* Required action *
Below are the records; give again exactly the lines from the one containing "ビオーラT B(1LDK/1階)の間取り写真" through the one containing "Image 1 of 4", leaving out pictures.

* Exercise inputs *
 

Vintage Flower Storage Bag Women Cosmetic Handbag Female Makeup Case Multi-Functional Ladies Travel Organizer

--

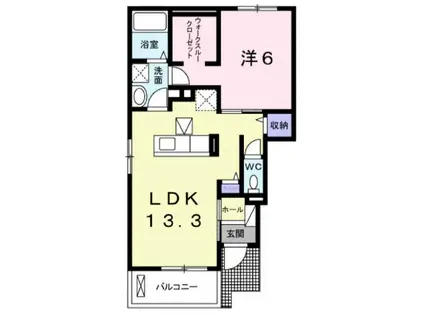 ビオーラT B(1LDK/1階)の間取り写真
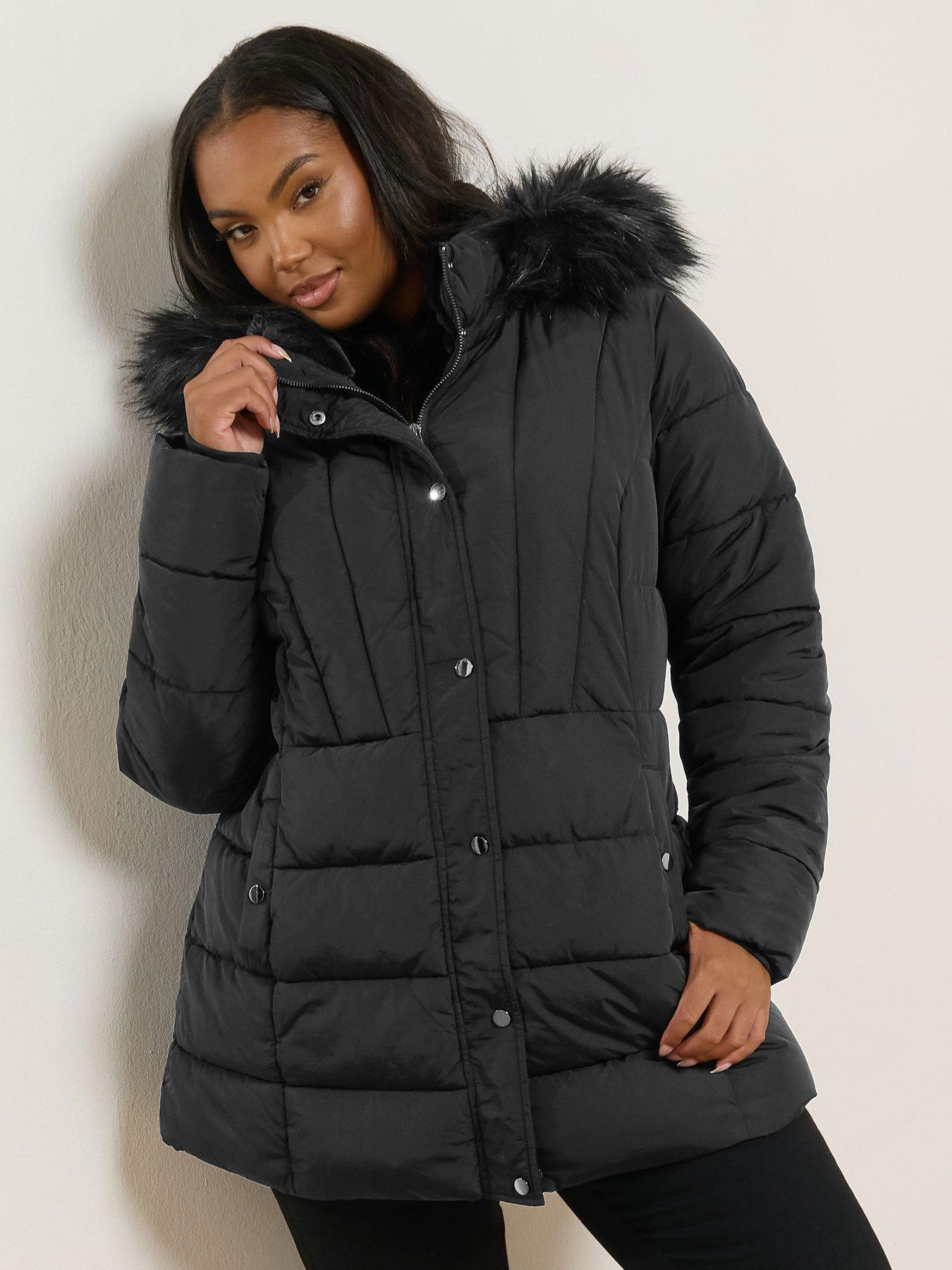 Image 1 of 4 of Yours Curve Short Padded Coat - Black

---

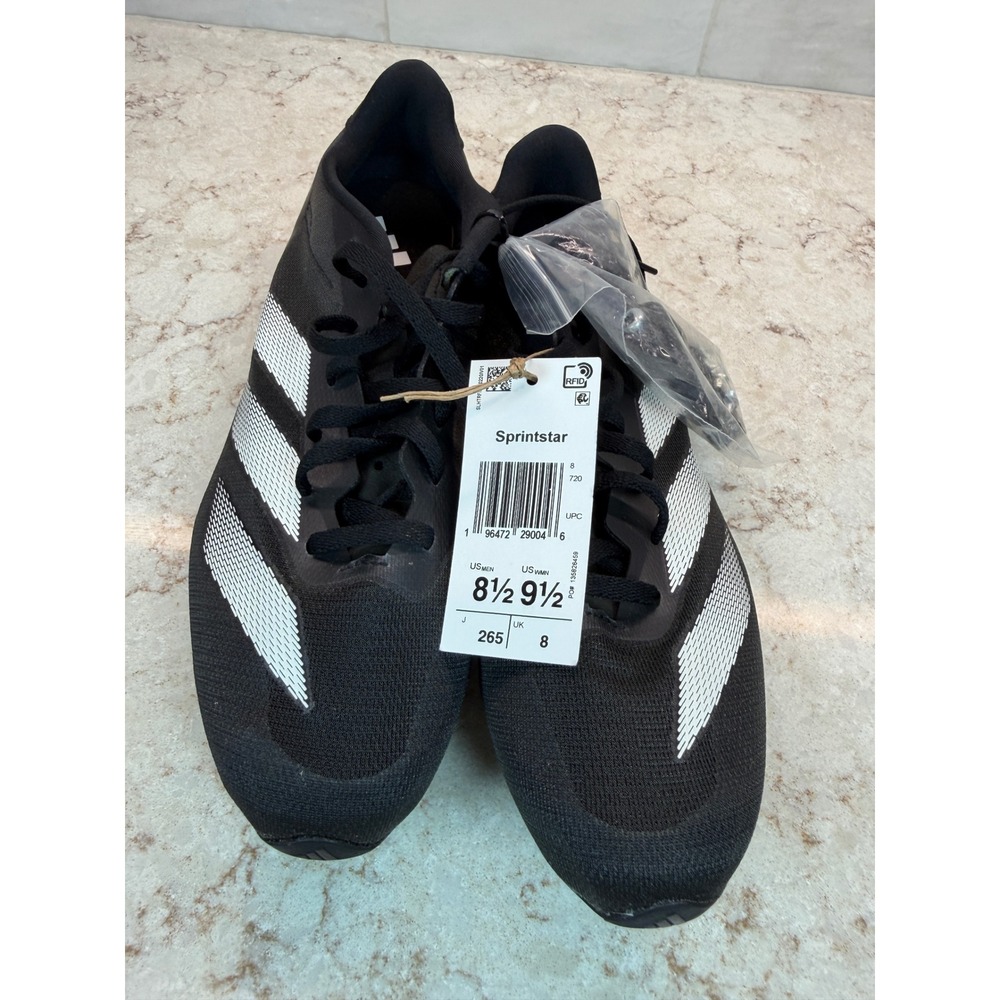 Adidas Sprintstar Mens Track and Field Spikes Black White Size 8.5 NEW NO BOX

* Task output *
 ビオーラT B(1LDK/1階)の間取り写真
 Image 1 of 4 of Yours Curve Short Padded Coat - Black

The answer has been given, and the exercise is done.